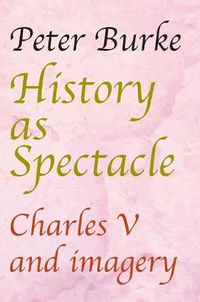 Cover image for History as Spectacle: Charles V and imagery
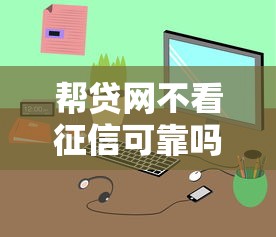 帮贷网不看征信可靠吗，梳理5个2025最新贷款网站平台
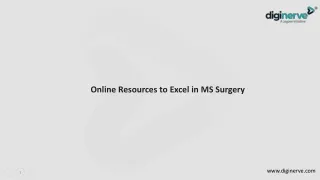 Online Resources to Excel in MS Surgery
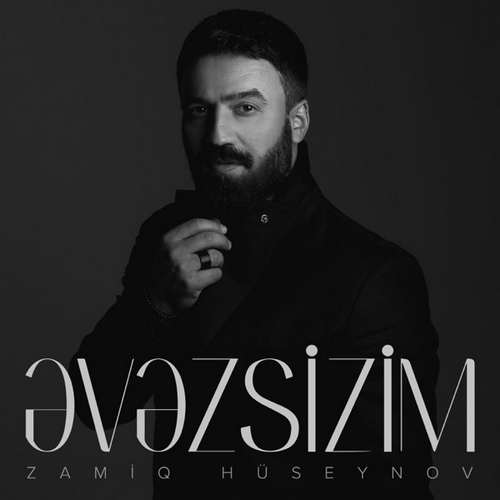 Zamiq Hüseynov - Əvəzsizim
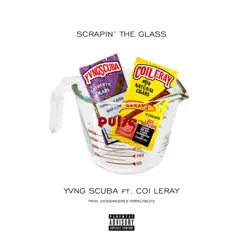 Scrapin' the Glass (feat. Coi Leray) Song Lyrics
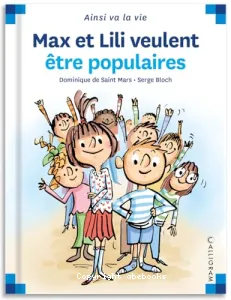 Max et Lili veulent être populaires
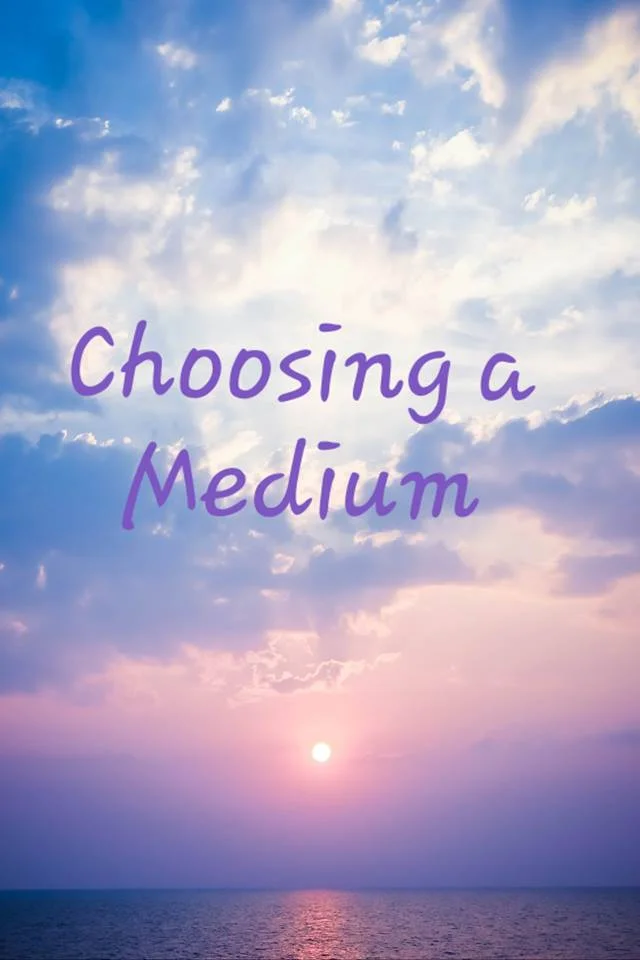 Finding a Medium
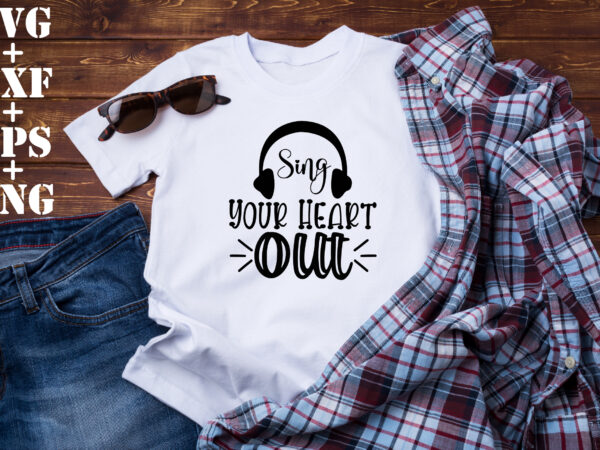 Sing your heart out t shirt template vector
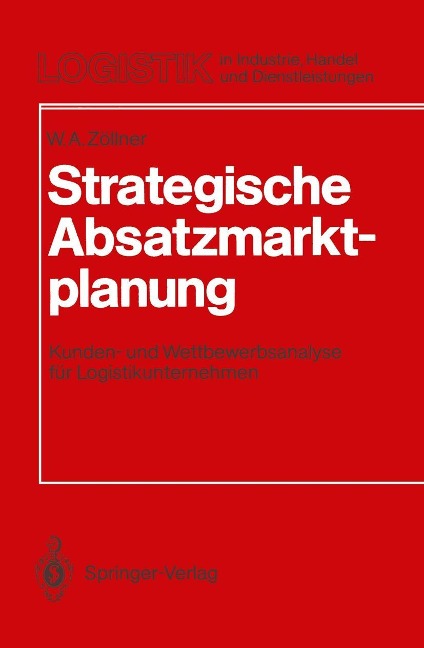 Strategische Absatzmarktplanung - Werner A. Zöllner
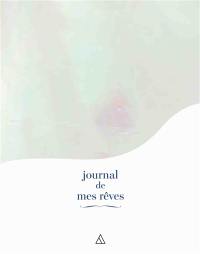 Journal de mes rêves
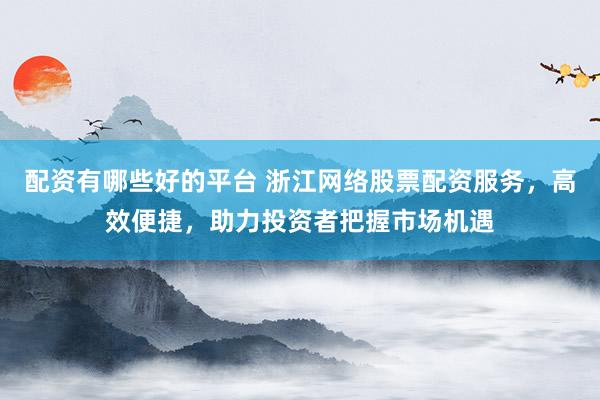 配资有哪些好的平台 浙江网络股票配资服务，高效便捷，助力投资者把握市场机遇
•••
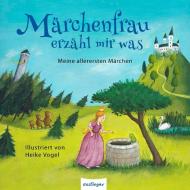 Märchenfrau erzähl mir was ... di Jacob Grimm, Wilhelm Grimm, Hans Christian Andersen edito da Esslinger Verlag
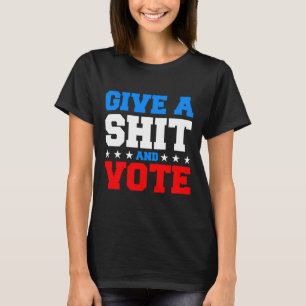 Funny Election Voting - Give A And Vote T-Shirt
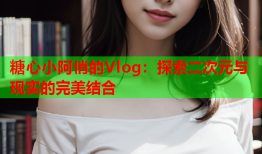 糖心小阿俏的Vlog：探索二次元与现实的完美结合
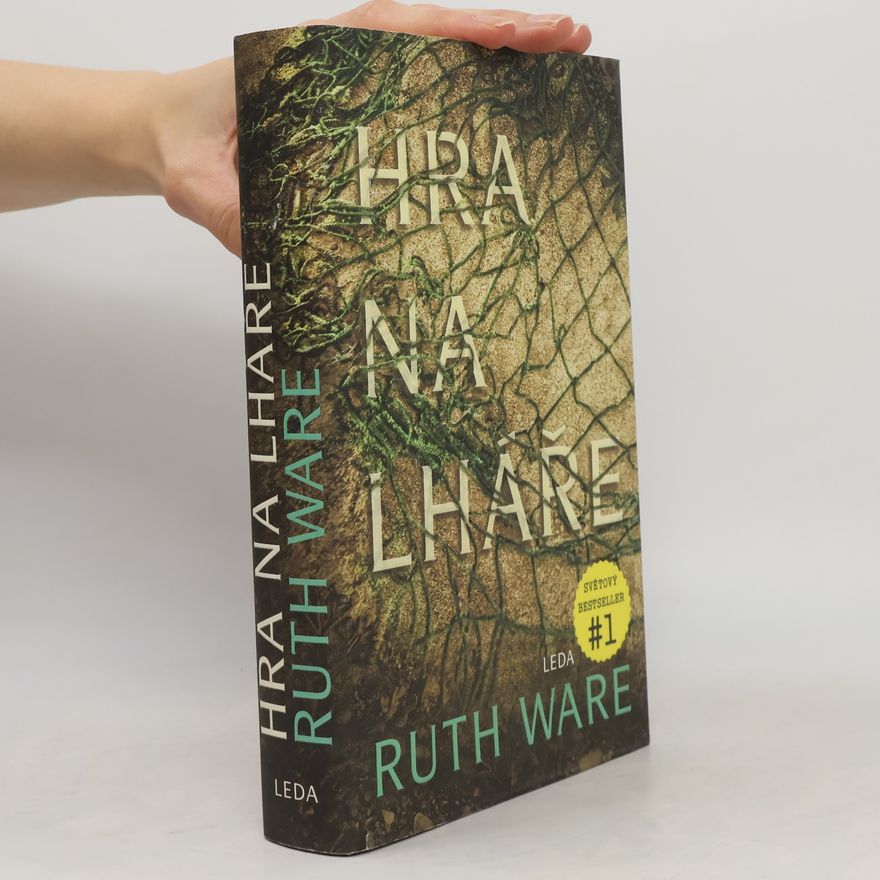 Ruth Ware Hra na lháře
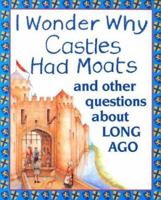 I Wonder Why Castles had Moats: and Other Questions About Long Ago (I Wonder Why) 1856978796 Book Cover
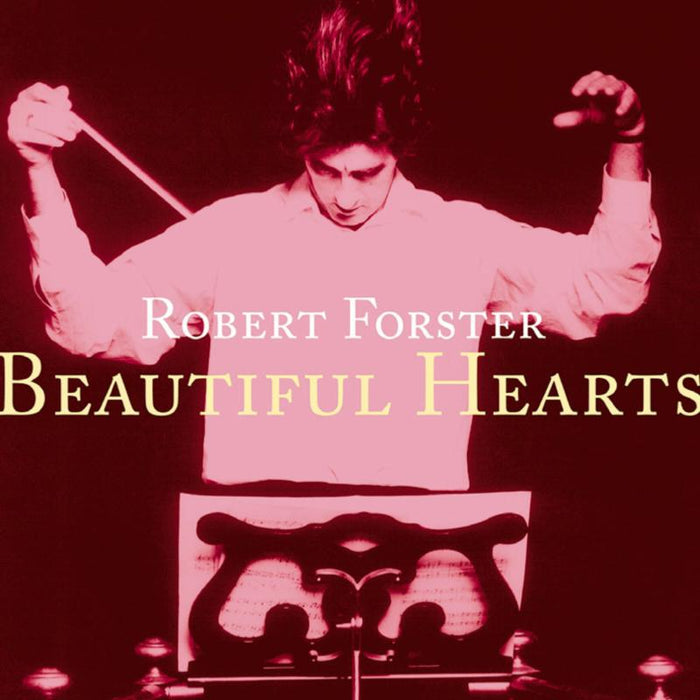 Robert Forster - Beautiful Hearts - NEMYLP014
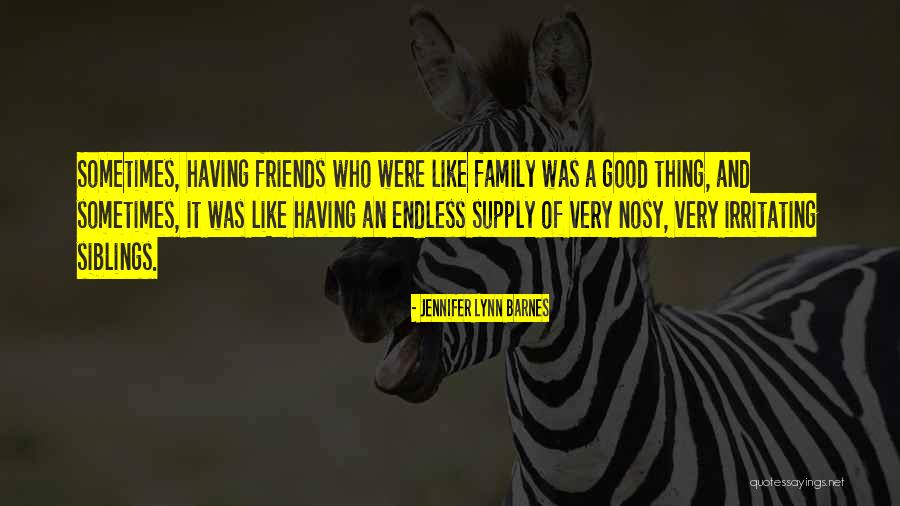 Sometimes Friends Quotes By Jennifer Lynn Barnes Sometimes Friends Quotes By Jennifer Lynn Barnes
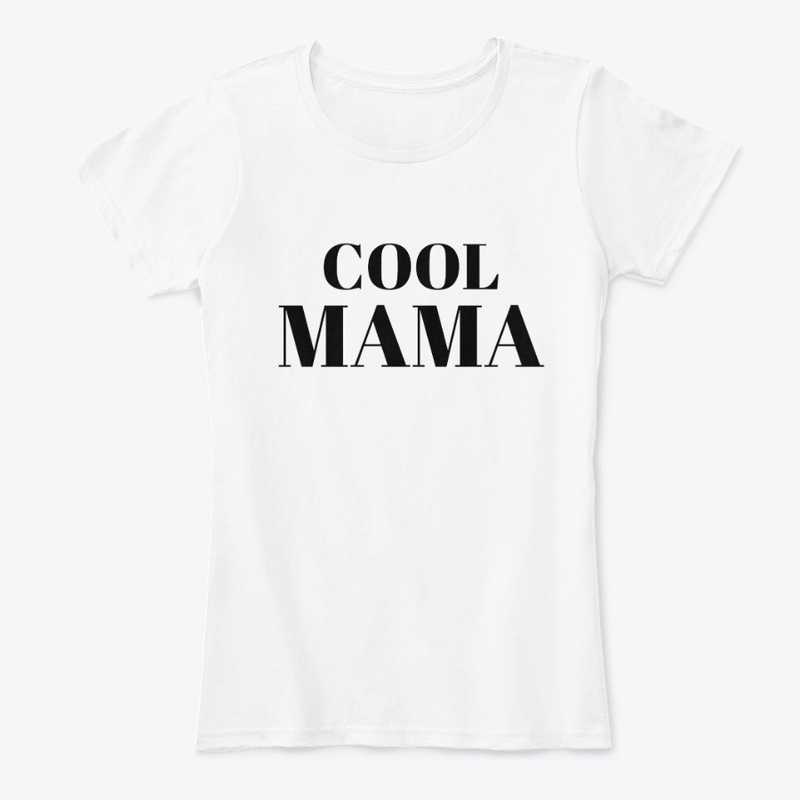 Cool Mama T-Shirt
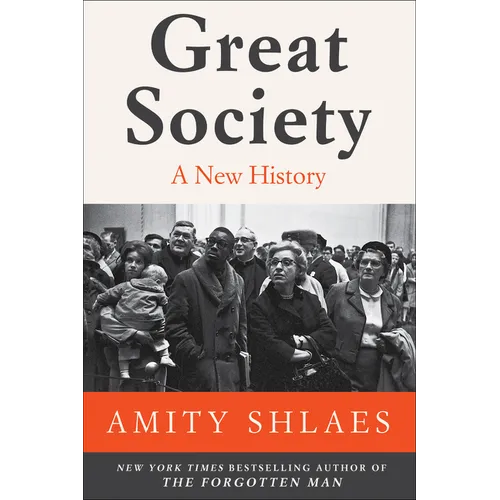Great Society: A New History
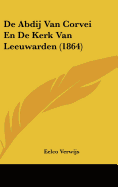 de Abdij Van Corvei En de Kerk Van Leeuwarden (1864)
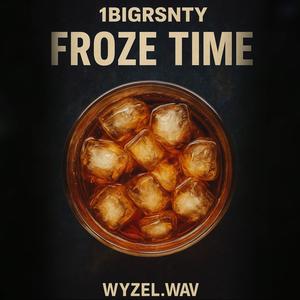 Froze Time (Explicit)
•••
* _EXERCISE_
Only one part of the material above is wanted: the lines from the one with "Cover image for" up to and including the one with "配资有哪些好的平台 浙江网络股票配资服务，高效便捷，助力投资者把握市场机遇". Please copy them exactly, pictures left out.

* _TASK OUTPUT_
 Cover image for History as Spectacle: Charles V and imagery
 帮贷网不看征信可靠吗，梳理5个2025最新贷款网站平台
 Online Resources to Excel in MS Surgery
 Zamiq Hüseynov - Əvəzsizim
 Scrapin' the Glass (feat. Coi Leray) Song Lyrics
 Max et Lili veulent être populaires
 Finding a Medium
 Sing your heart out t shirt template vector
 Strategische Absatzmarktplanung - Werner A. Zöllner
 Journal de mes rêves
 配资有哪些好的平台 浙江网络股票配资服务，高效便捷，助力投资者把握市场机遇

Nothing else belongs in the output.